I am a avid fisherman, I normally just bait cast. I catch plenty of trout. But I'm moving to fly fishing for a challenge, I was looking for tips, on fly fishing in general, what flys to use, where to fish on the clear fork, just any information for newbies !


----------



## BassAddict83 (Sep 21, 2010)

I've only ever fly fished for warm water species so I know absolutely nothing about trout fishing but as far as fly fishing in general goes my best advice for you is when you are casting remember this...

Power is nothing. Timing is everything.


----------



## fishinnick (Feb 19, 2011)

As for tips, just skim/search through some of the threads on here. There's a good handful of newbie ones. For trout if you're using nymphs or dries presentation is everything. When using nymphs you have to keep your fly along the bottom and have it flowing naturally with the current. When using dries again make sure it's flowing naturally with the current and you're not creating "drag" as in the fly isn't going faster or slower than the water. Streamers you don't have to worry about having a perfect drift or anything, as it immitates a baitfish/crayfish/etc. You can strip it, or I like to nymph fish with streamers and give it a twitch once in a while. 

And as BassAddict said, timing is more important than power when casting. Hard to see if your doing it right without actually watching you fish, but watching videos, reading books, etc. will help you. Heck, if your fly gets from point A to point B and you're able to have a good drift it's a good cast imo. You'll get better with experience and practice.

In regards to the Clear Fork, when I fished it the other day I fished it in between Stoffer and Cutnaw roads and since the water was up and muddy I used dark colored streamers. Wanted to fish it down in the park but it was too high down there. Wish I could help more but I have only fished it a couple times.

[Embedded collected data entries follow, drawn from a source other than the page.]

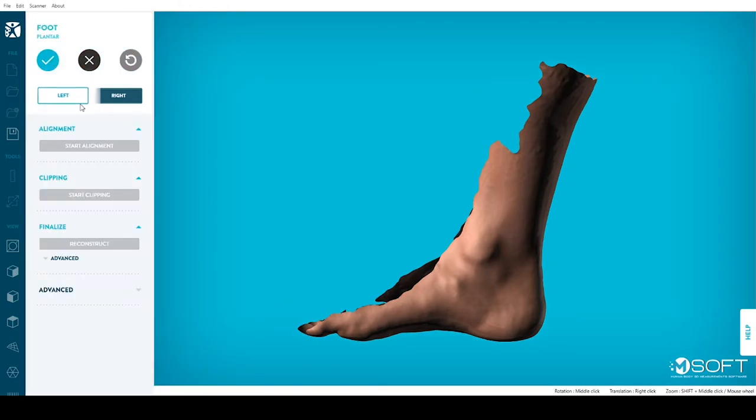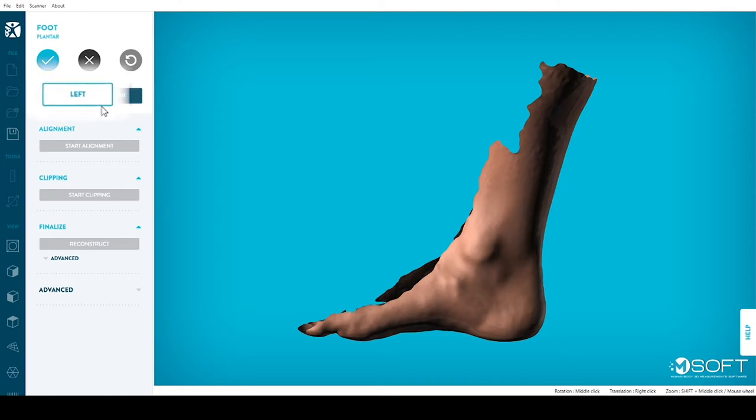Second, repeat this process for the other foot, if applicable. Always make sure you selected the right foot in the menu on your left.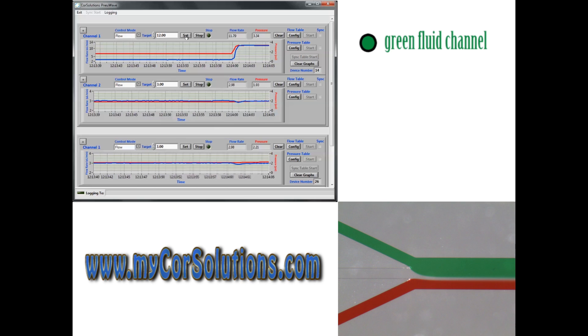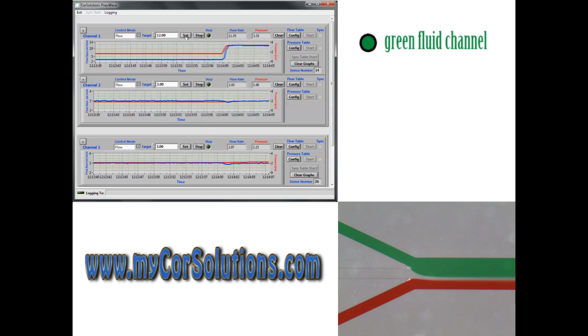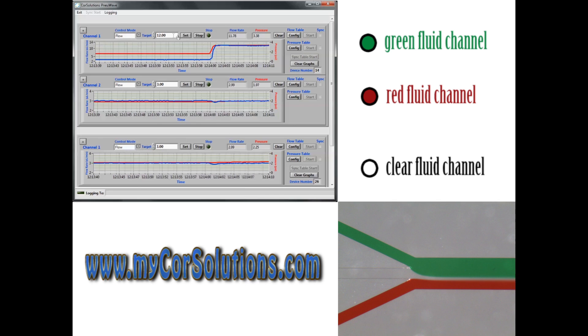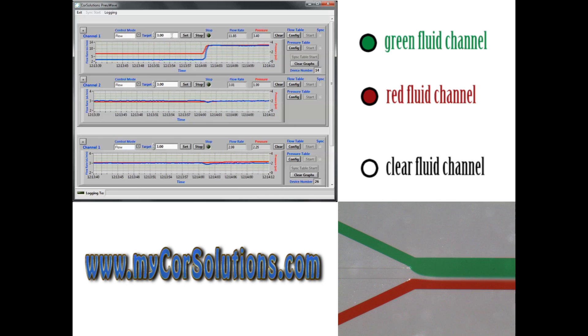Channel 1 corresponds to the green liquid on top, channel 2 is the red liquid on the bottom, and channel 3 is the clear liquid in the middle.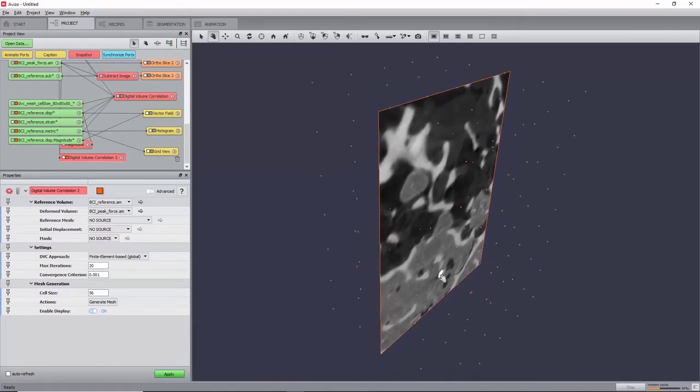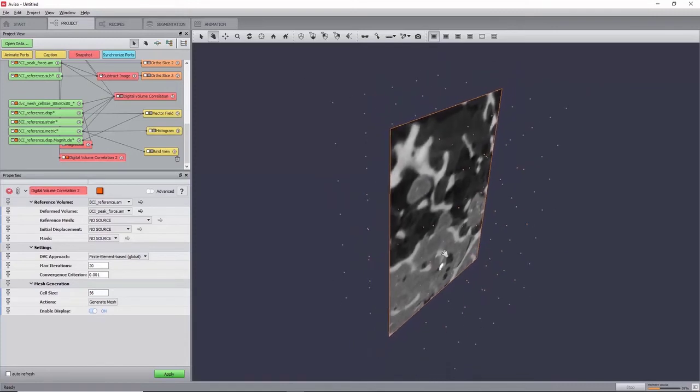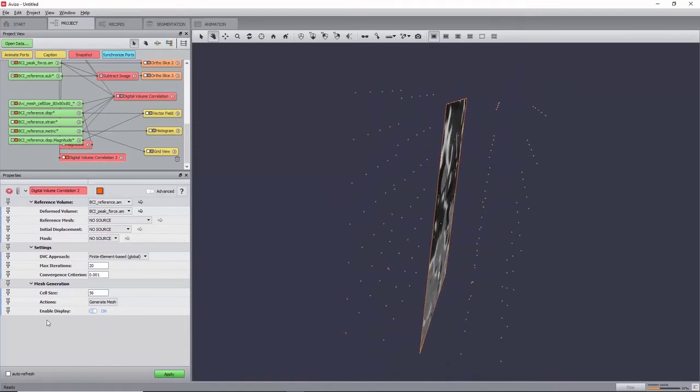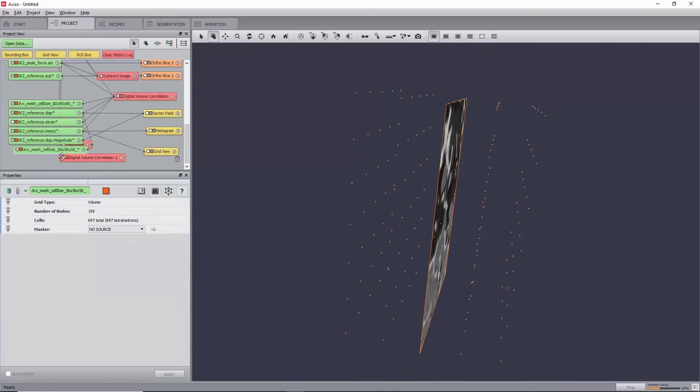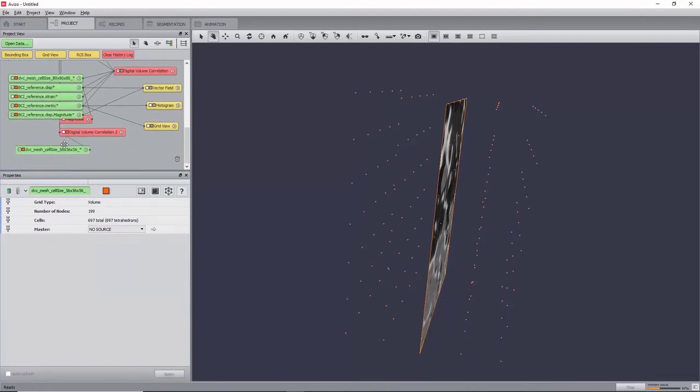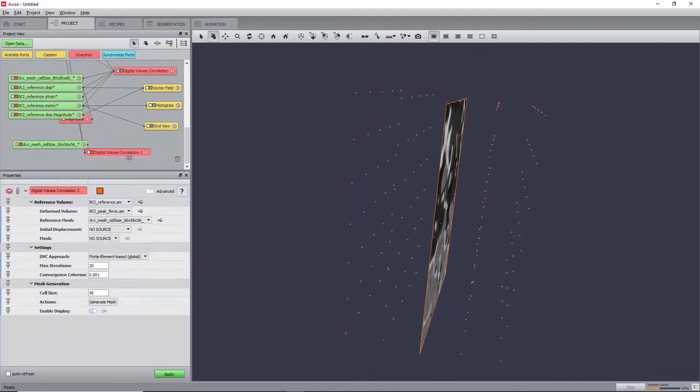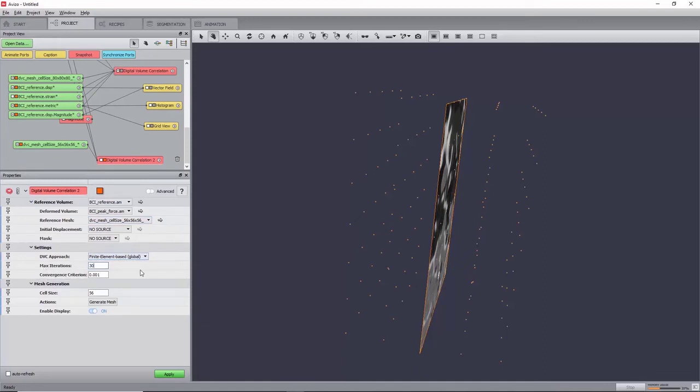Click Generate Mesh to create it, and it will directly be linked in the reference mesh port. With the DVC approach port set to finite element-based, set the maximum iteration port to 30 and keep the conversion criterion to 0.001.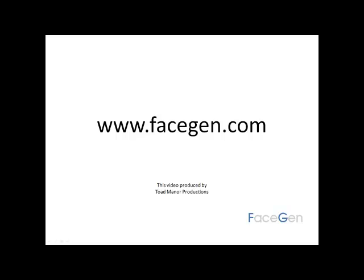Thanks for watching. For more information, please visit www.facegen.com.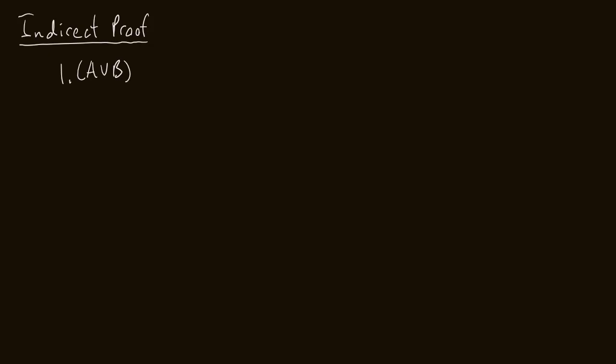We're going to have two premises. So the first premise that we will have is, if A or B, then C and D. And then the second premise we'll have is, if C, then not D. And what we would like to conclude is not A.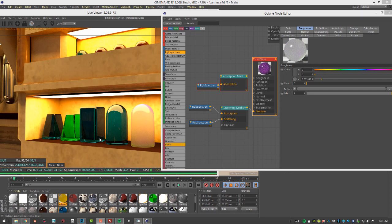The result is a nice frosted glass look with a purple tint. Of course, you can also add procedural textures or texture maps to absorption, scattering, and roughness to create a wide variety of really interesting-looking surfaces.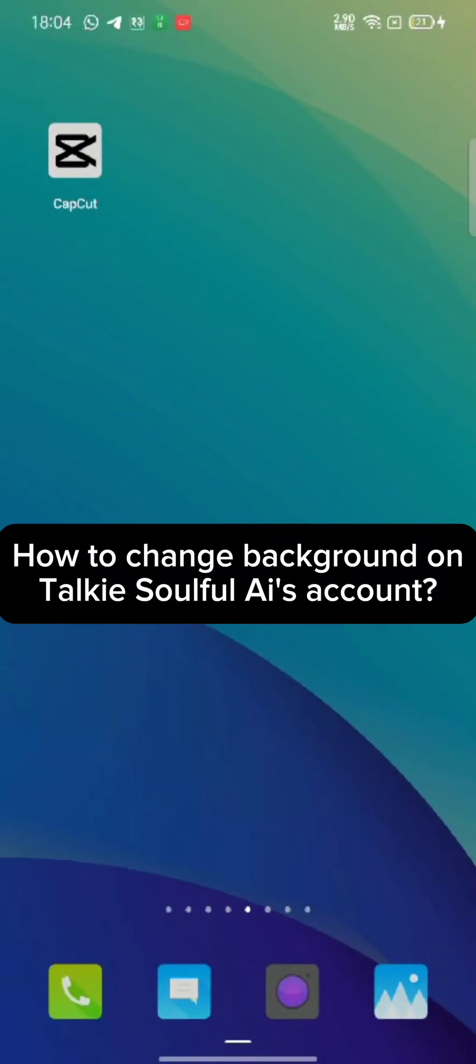Hi guys, welcome back to a new episode of Wake and Take. Today in this video, I'm going to show you how you can change your background on Talky Soulful AI's account. Keep watching the video till the end.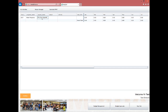Continue entering data for Output and Activities in the same manner, clicking each cell and entering the required information for each field.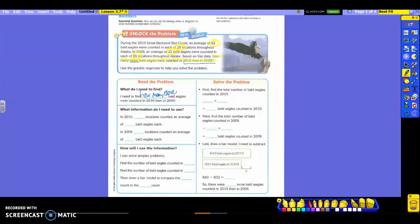We're finding out how many more bald eagles were counted in 2010 than in 2009. Now, the information that we circled is going to be the information I need to use and fill in three sentences that are next. So in 2010, how many locations counted an average of how many bald eagles each? So 20 locations. And how many bald eagles were in those 20 locations? 42, because we talked about 42 goes with 20, right?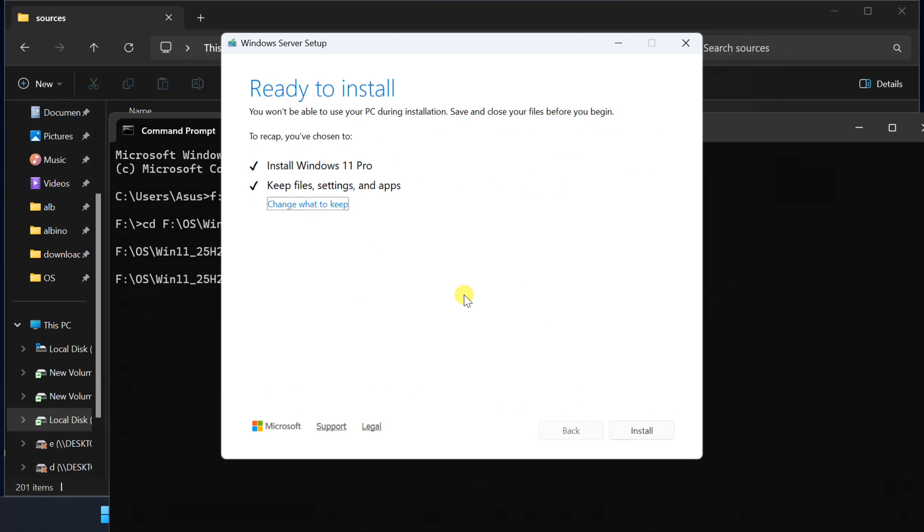Now, just sit back and wait while Windows 11 25H2 installs. Your PC will restart several times; don't worry, that's normal. Follow the on-screen instructions until you finish setup.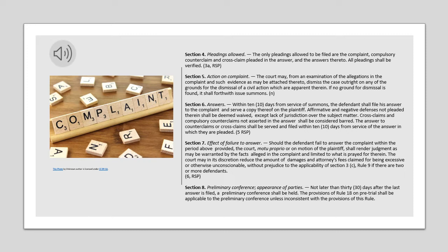Section 5. Action on Complaint. The Court may, from an examination of the allegations in the complaint and such evidence as may be attached thereto, dismiss the case outright on any of the grounds for the dismissal of a civil action which are apparent therein. If no ground for dismissal is found, it shall forthwith issue summons.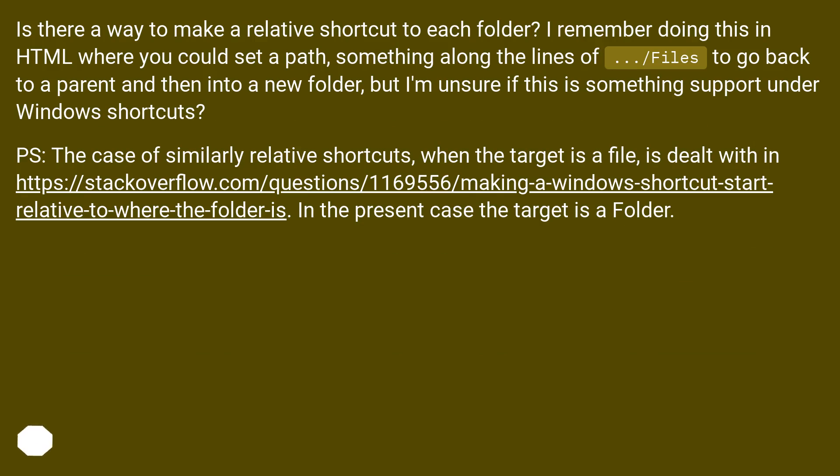Is there a way to make a relative shortcut to each folder? I remember doing this in HTML where you could set a path, something along the lines of ../../Files, to go back to a parent and then into a new folder, but I'm unsure if this is something supported under Windows shortcuts.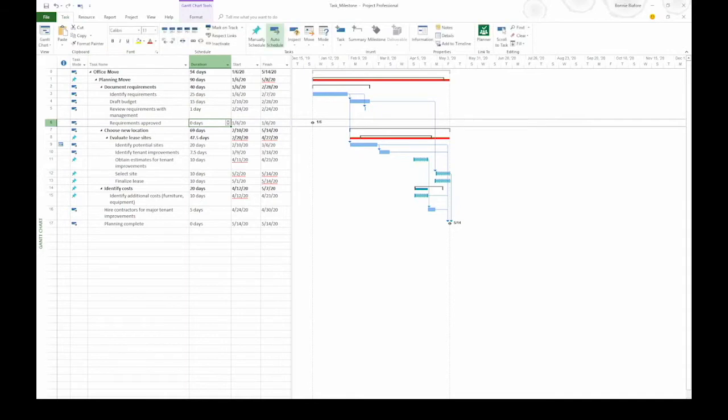Notice when I tab into the duration cell, the duration is zero days. With no duration, a milestone doesn't affect the length of your project, it doesn't affect work hours, and it doesn't affect your resource's time.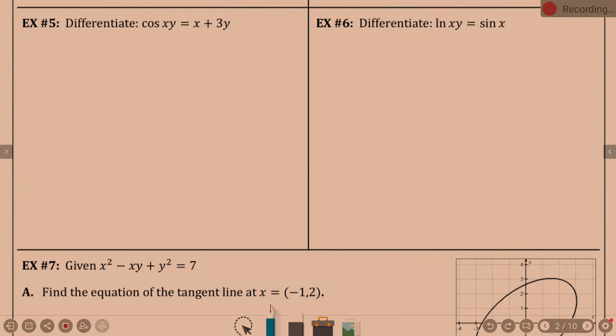Lesson 3.3, picking up on Example 6: implicit differentiation. When there are x's and y's within the problem, we're not solving this for y — not easily. It would be horribly ugly.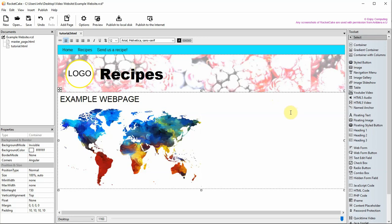RocketCake does not have a hotspot tool, but you can create a similar effect using a floating styled button. Don't pick styled button.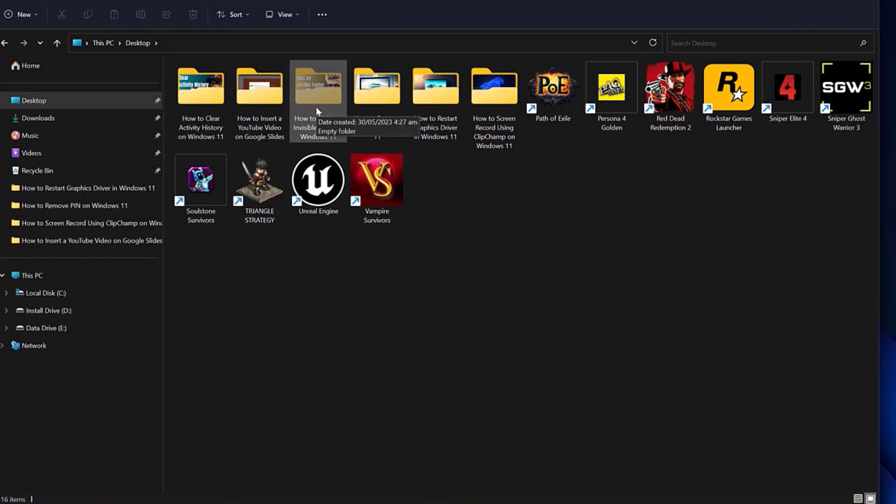Since Windows will not show hidden items by default, the folder and contents will be hidden from view. If you have the Show Hidden Files option enabled, the folder you selected will be grayed out, but it'll remain visible.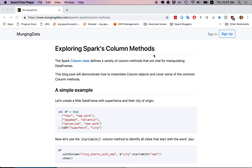Hi everybody. In this video we're going to talk about exploring Spark's column methods. The Spark column class is a vital class for pretty much doing anything in Spark, so mastery of this class, how to instantiate column objects and how to invoke column methods, is really vital for being a productive Spark programmer. This post is going to generally follow the MungingData blog post entitled Exploring Spark's Column Methods.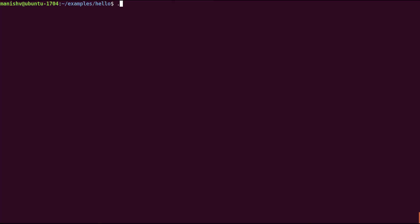And just to make sure that everything worked the way we expect, let's use that node Containit setup that we had to actually run the binary and see if it works. Yep, we get hello world. Everything works as expected.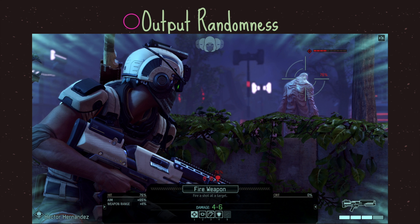A great example of output randomness is the enemy encounter in XCOM. Your player is able to make any decision they want, however for the particular functionality of attacking an enemy you are given a percentage. You the player must first make the choice of attacking before the game applies the random event — in this case, whether your attack lands or misses. What makes XCOM so interesting is that even though you have a 100 percent chance of hitting your enemy, the game internally adds certain calculations to make sure that your 100 percent is never really 100 percent, meaning you are never safe from output randomness.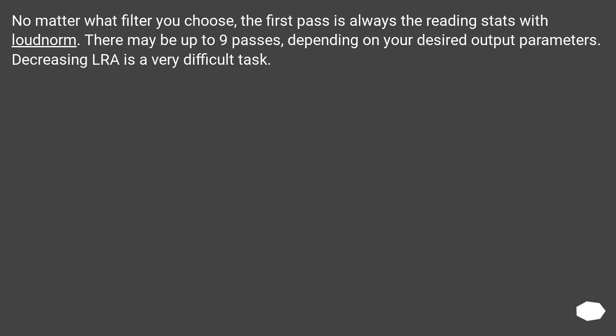No matter what filter you choose, the first pass is always the reading stats with loudnorm. There may be up to nine passes, depending on your desired output parameters. Decreasing LRA is a very difficult task.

If you have any questions feel free to ask and we'll try to help you out. And welcome to the addiction! Beware, it can ruin your life if you let it lol.


----------



## mepps_fisher (May 6, 2009)

There are trout in clearfork? That is awesome. Did not know that


Posted using Outdoor Hub Campfire


----------



## fishinnick (Feb 19, 2011)

Yeah, it's one of like 5 or so streams in Ohio that are stocked with trout. Not counting the clubs and the Erie steelhead rivers, and the brookie streams.


----------



## ejsell (May 3, 2012)

Mad River outfitters usually has a recently updated river report on their web page with good advice on what they are hitting.


----------



## pbrouse (Jun 18, 2013)

I'm going this weekend.. I have wolly buggers , and Im going to try streaming is that useful at this time of year? I have a black pattern ... Any tips on that... How do I present the fly ?


----------



## HipWader (Jun 25, 2013)

The only flies I use when I fish the Clear Fork River which is part of the Mohican River which runs through the Mohican State Park is Wolly Buggers, Zonkers, and Zonker Bonkers....I usually catch a mixed bag of fish including Carps, Walleye, Brown Trout, Bass and Crappies...and a few of the Bigger Gills and Rock Bass...I use Wooly Buggers tied on a #6 2x long hook and use all olive or black....Zonkers I use a all white pattern with a silver mylar cord for the body...and Black with Gold mylar cord for the body....The Zonker Bonker I use White dumbell eyes with black pupils, white crystal chenille for the body and white rabbit zonker strips.....


----------